* What you should do:
Each line from the one containing "Thanks everyone for" to the last line of the listing below is to be duplicated exactly, and no picture is to be carried over.

* Data section:
= = = = =

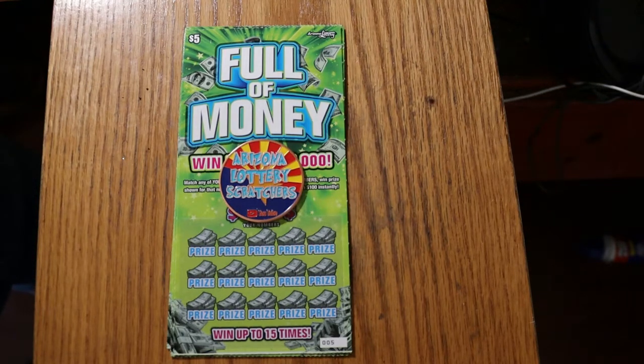What's up, YouTube? AZ Scratchers here with another little scratching session. And today we're back to the mid-level lowboys.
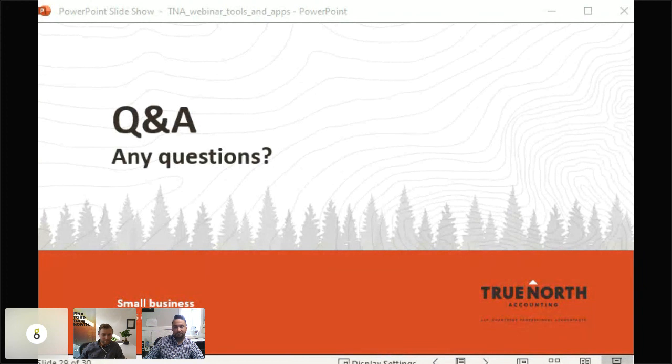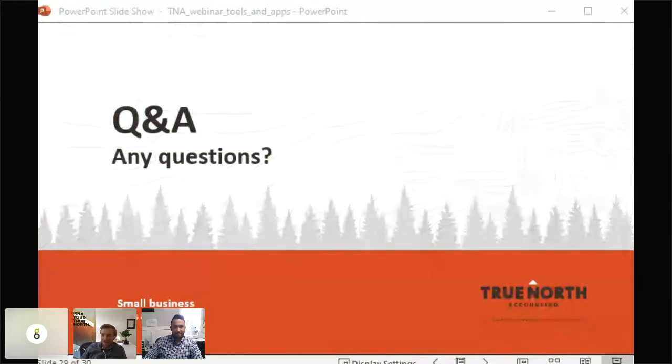Thanks everyone for joining us — hopefully it was helpful and useful. If you have any questions as you're digging into those tools, check out our resources section on the website for more information and other app recommendations. Follow us on social and we'll let you know about the next webinar coming up sometime in October. Thank you so much everybody, hope you got some value out of it — see you next month!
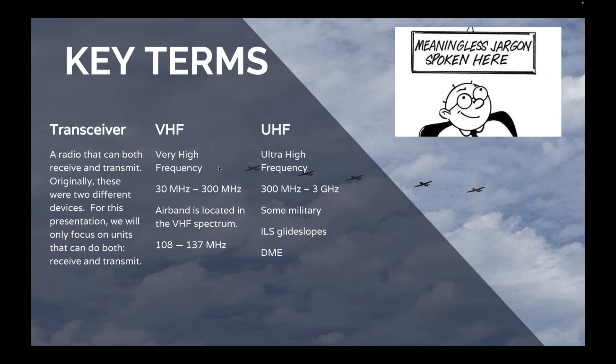VHF stands for Very High Frequency, and this is the frequency range where you'll find the air band spectrum — specifically 108 to 137 MHz. Not to be outdone is UHF, Ultra High Frequency, which is right above VHF, ranging from 300 MHz all the way up to 3 GHz. You'll find some military using this band, and our ILS glide slopes use UHF frequencies, so if your radio gets an ILS glide slope, there's probably a UHF receiver inside it. Note that VHF is used interchangeably for many radio types, so be specific about air band VHF, not just VHF.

= = = = =

* Task output:
Thanks everyone for joining us — hopefully it was helpful and useful. If you have any questions as you're digging into those tools, check out our resources section on the website for more information and other app recommendations. Follow us on social and we'll let you know about the next webinar coming up sometime in October. Thank you so much everybody, hope you got some value out of it — see you next month!
VHF stands for Very High Frequency, and this is the frequency range where you'll find the air band spectrum — specifically 108 to 137 MHz. Not to be outdone is UHF, Ultra High Frequency, which is right above VHF, ranging from 300 MHz all the way up to 3 GHz. You'll find some military using this band, and our ILS glide slopes use UHF frequencies, so if your radio gets an ILS glide slope, there's probably a UHF receiver inside it. Note that VHF is used interchangeably for many radio types, so be specific about air band VHF, not just VHF.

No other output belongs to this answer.